Can Pigs Fly? At This Point, Probably Not

In the past couple months, Chicago-based United Airlines joined several other airlines in limiting commercial airline travel for pets. The provider tightened the rules for comfort and emotional support animals; amphibians, goats, hedgehogs, insects, non-household birds, and all animals with tusks, horns, and hooves are no longer allowed to fly as service animals. To be honest, I don’t blame them; increasingly, passengers are bringing inappropriate pets into plane cabins under the guise of “emotional support.” Not only does this decrease the validity of emotional support animals (some of us actually need them to handle flight anxiety!), it’s just plain rude.

 

Now, I would love to travel with my pet potbellies if I could.
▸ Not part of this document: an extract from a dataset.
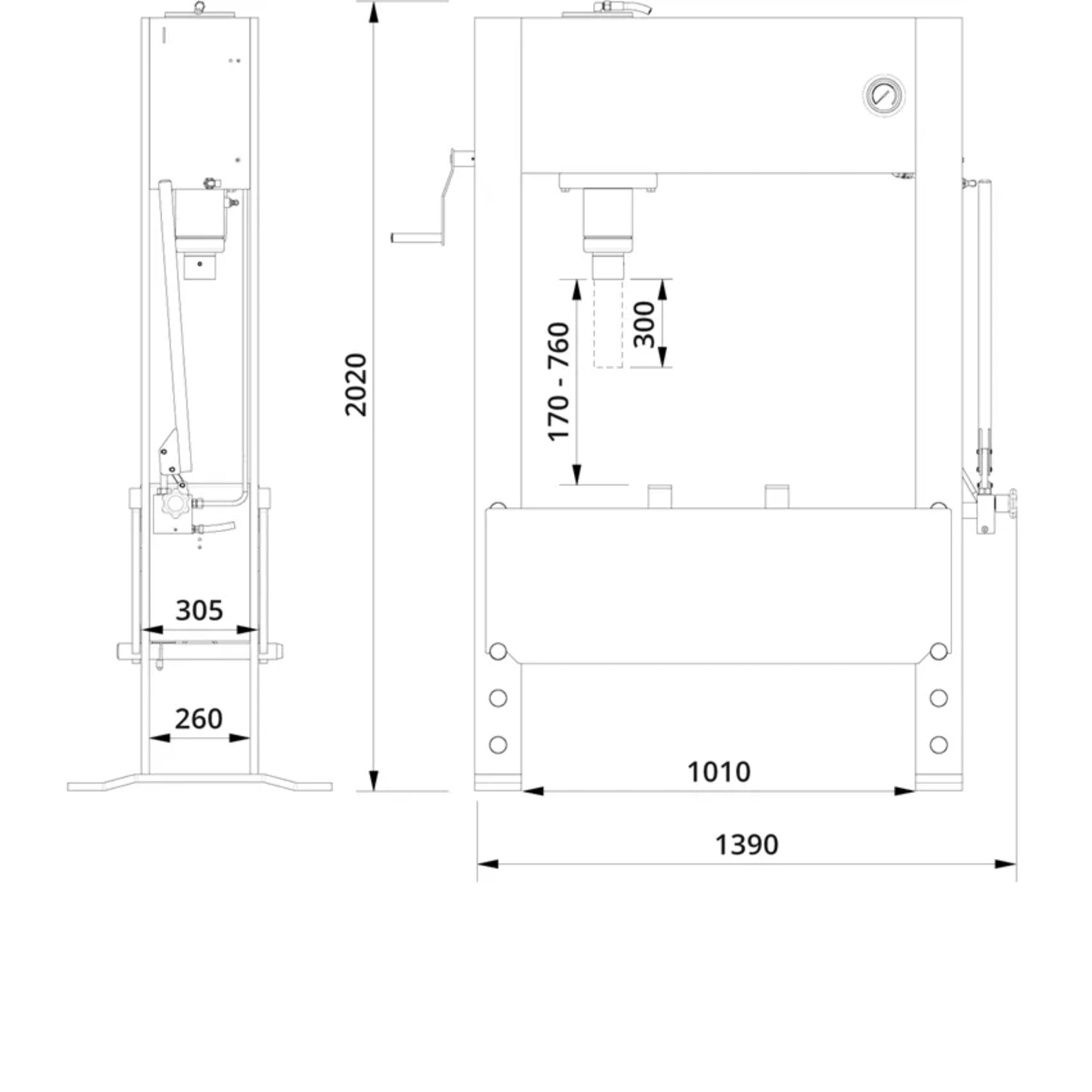 Technical schematic of the P60H hydraulic press with detailed measurements, showcasing the structure and dimensions for industrial applications.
But, even with these new airline restrictions, there are a few major issues with bringing a pig on an airplane.

 

  1. They’re huge! And I mean HUGE! Even the smallest adult potbelly pig, though still adorable, will weigh at least 70lbs—far more than the standard 20lb pet limit most airlines impose. It’s nearly the same as bringing a full-grown human child, albeit one who doesn’t speak, might scream, and can’t understand when you tell him to calm down.

 

  1. They’re loud! If you’ve never heard a pig scream… well… consider yourself lucky. Actually, watch this video. Incessant barking will get dogs—even service dogs—kicked off airplanes. I can’t imagine a pig keeping calm for a whole flight, and the only thing worse than a screaming baby and a barking dog is an unhappy potbelly pig.

 

  1. You can still bring your pet on vacation. If you really want to bring your pig, fly him as cargo. It’s expensive and time-consuming, but if your pet really needs to get somewhere, it’s an excellent option. Rates and availability vary by airline, but it’s worth looking into if you need your potbelly to join you on that beach getaway.

 

Now, of course, there is the occasional success story. In early 2016, this 28-year-old woman brought her pig, Hamlet, on a flight to Miami without an issue. Now, odds are that your pig is not as well-behaved as Hamlet, and even if an airline allows pet pigs, you and the animal will be better off if he just stays at home.